Hi Friends,   Mantras for investing in penny stocks:
Despite the risks, small investors are putting big money in low-priced penny stocks.  They are lured by the fantastic returns that some stocks have delivered in the past few months.  If you also want to invest in this risky segment of the market, keep a few rules in mind.
Don’t invest large amounts:  Don’t lean too much on these risky investments.  Penny stocks should not account for more than 10% of your total equity portfolio.   This means if your total investment portfolio is Rs.20 lakh and 30%  (or Rs.6 lakh) is in stocks, then the maximum you should put in these high-risk stocks is Rs.60,000.  Invest only what you can afford to lose.

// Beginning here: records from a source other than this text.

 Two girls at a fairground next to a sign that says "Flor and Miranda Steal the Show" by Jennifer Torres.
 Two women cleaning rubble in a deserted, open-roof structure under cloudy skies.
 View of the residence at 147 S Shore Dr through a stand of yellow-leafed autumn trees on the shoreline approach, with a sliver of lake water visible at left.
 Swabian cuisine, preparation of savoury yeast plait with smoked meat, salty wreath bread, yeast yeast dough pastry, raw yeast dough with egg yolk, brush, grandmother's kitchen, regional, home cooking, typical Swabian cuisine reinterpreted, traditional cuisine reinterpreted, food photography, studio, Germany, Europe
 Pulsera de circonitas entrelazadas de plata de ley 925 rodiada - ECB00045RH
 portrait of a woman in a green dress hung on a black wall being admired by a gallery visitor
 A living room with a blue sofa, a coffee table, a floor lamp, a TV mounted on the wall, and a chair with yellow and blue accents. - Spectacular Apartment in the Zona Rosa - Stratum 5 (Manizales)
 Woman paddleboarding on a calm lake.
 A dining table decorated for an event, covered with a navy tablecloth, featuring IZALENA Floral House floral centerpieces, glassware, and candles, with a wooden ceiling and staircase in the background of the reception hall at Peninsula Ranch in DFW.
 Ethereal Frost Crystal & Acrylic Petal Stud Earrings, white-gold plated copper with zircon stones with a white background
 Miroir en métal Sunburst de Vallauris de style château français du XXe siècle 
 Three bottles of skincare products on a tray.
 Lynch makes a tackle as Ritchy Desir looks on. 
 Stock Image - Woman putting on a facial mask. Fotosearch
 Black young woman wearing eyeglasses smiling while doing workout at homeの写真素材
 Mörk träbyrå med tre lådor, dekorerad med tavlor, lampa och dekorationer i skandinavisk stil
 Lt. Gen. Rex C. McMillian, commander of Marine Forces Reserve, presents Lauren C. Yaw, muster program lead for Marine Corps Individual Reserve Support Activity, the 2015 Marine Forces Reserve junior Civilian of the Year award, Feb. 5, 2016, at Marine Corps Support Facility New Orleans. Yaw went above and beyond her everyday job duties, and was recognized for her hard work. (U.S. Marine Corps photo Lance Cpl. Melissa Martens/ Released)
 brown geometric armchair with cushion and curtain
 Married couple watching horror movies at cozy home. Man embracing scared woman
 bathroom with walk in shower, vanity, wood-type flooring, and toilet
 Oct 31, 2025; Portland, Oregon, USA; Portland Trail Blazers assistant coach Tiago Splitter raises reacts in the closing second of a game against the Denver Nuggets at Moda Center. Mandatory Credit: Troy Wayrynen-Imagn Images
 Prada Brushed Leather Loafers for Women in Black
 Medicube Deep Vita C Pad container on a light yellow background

Invest only in 2-3 stocks:  The principle of diversification does not work here, instead of picking up a large number of penny stocks, invest in only a handful of scrips.  Spreading your money across a basket of low-priced stocks will not let you earn meaningful returns from them.  If you have Rs.3000/- invested in a stock and it gives a return of 25% in a month, the gain will be an insignificant Rs.750.  Besides, it is easier to monitor 2-3 stocks rather than a portfolio of 10-15 low priced stocks.

Don’t invest and forget:  Investing in penny stocks should be seen as a short-term gambit, not a long-term strategy.  If the stock witnesses a sharp rise, it may be time to exit or at least book partial profits.  Some investors might think that if they wait for a year, the gains will be tax free.  But the stock may have fallen by then.  Set a target and exit when it is achieved.  Don’t hold penny stocks forever.

Don’t   believe anyone:  The online forums of  Financial portals are awash with advice and information on penny stocks.  Don’t believe a word of what other investors have to offer.  In this segment, everybody is in search of the greater fool who will pay a higher price for the junk in their portfolio.  Also, take the claims of the management with a pinch of salt.  They usually paint a rosy picture.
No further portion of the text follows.